Tricuspid valve disease is a type of Heart Valve disease with abnormal function of the valve. The doctor will also listen to your heart for a heart murmur. A heart murmur (abnormal heart sound due to turbulent flow of blood through a valve) usually indicates valve regurgitation or stenosis. The heart must pump more vigorously to force blood through one or more narrow or stiff (stenosis) valves.
It may be due to aortic and pulmonary valves closing, preventing the backflow of blood into the heart. At the same time, the aortic and pulmonary valves open to let blood out of the heart. As the heart muscle contracts and relaxes, valves open and close, allowing blood to flow into the ventricles and out into the body at different times. The valves of the heart that keep blood flowing in the right direction are the inlets to the orifices of the chamber (for the tricuspid and mitral valves) and the outlets (for the pulmonic and aortic valves).
To understand tricuspid regurgitation, you need to understand the basic anatomy of your heart. A typical heart has two upper and two lower chambers. The upper chambers – the left and right atria – receive incoming blood. When the opening of a valve or valve becomes narrow, it restricts the outflow of blood from the ventricles or atria. This limits your heart’s ability to pump blood due to the increased force required to pump blood through a stenotic (stiff) valve.
Tricuspid valve regurgitation often does not have any symptoms related to the valve disorder itself. If the tricuspid valve disease is severe, it may produce symptoms like unusual pulsation, or abdominal pain edema (swelling) etc.
Following are some signs and symptoms of tricuspid valve regurgitation:
- Unusual rhythm problem
- Pulsing in the neck
- Uncomfort breath
- Swelling in the abdomen, legs or neck veins
Causes of Tricuspid
The most common cause of tricuspid valve regurgitation/regurgitation is dilatation (enlargement) of the right ventricle and annulus (the space in the heart where the valve is located). Tricuspid valve regurgitation is primarily due to right ventricular annular dilatation and enlargement, which is often secondary to left ventricular heart failure due to myocardial or valvular causes, right ventricular volume, pressure overload, and chamber dilatation. Less common causes of tricuspid insufficiency. Valvular diseases include rheumatism, congenital or otherwise (endocarditis, flap injury/prolapse, spinal cord tear, papillary muscle tear, or myxomatous degeneration of the tricuspid valve. Importantly, left ventricular failure with chamber dilatation and mitral regurgitation can cause right ventricular pressure overload, right ventricular chamber enlargement, tricuspid annulus dilatation, and resultant TR.

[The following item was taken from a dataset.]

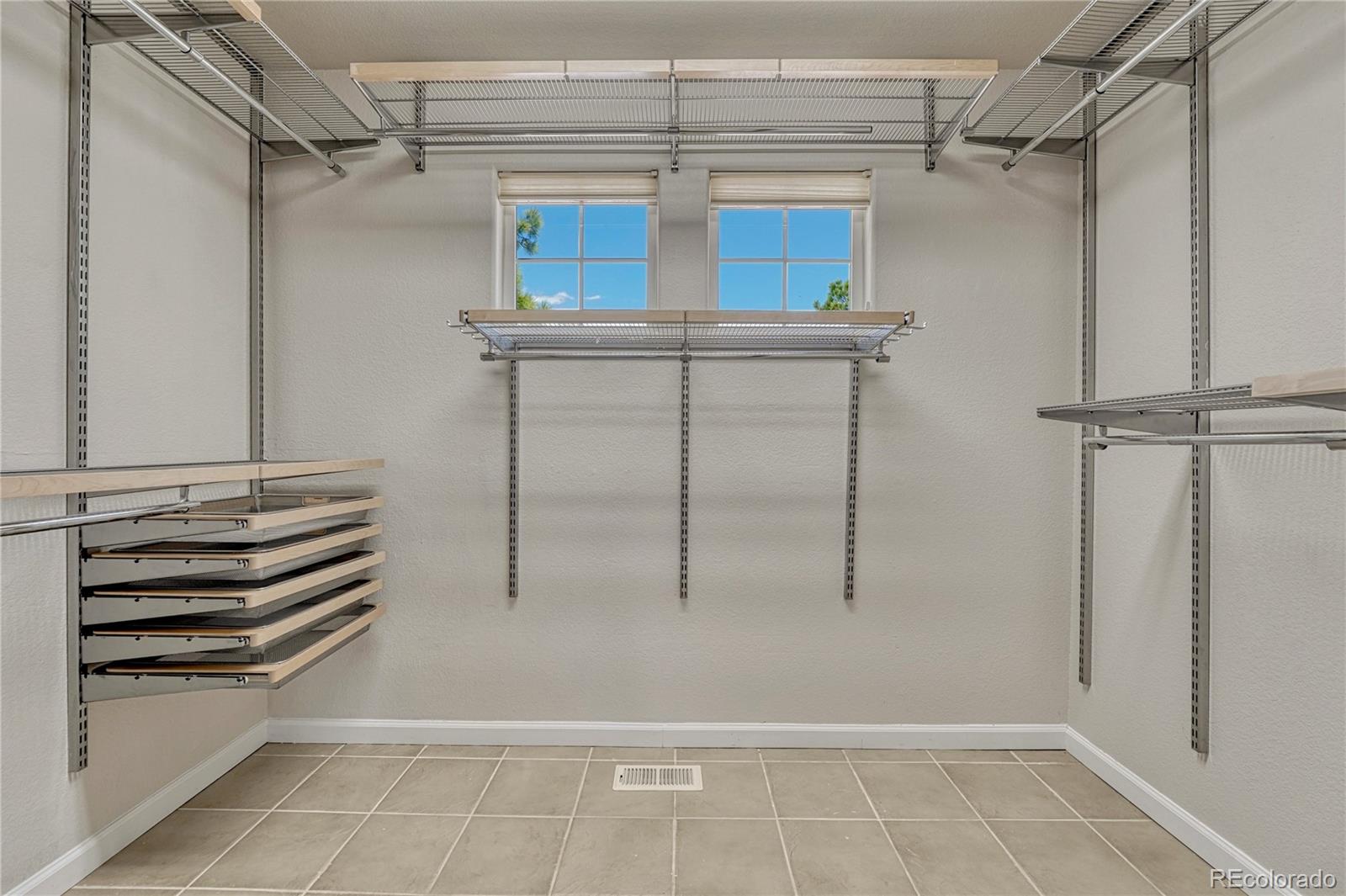 MLS Image #31 for 18110  bakers farm road,colorado springs, Colorado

In the majority of patients with secondary PV, it was initially believed that surgical repair of mitral valve disease would correct right-sided problems, and a conservative (non-contact) approach to the tricuspid valve was therefore recommended. after appropriate correction of the defect of the left valve. However, TR may persist or even increase after left heart surgery, so tricuspid valve reconstruction during mitral surgery is currently recommended in cases of severe TR or dilatation of the tricuspid annulus.
Tricuspid regurgitation occurs when the blood returns abnormally from the right ventricle to the right atrium through the diseased tricuspid valve. Tricuspid valve replacement is asked in case of severe primary tricuspid regurgitation with symptoms of right heart failure. Treatment via surgery of tricuspid atresia depends on its condition and severity of heart defects.
Tricuspid valve atresia is a critical congenital heart disease (critical CAD) that can also be detected on neonatal screening. In general, the surgery needed to repair the tricuspid valve is more preferred instead of valve replacement.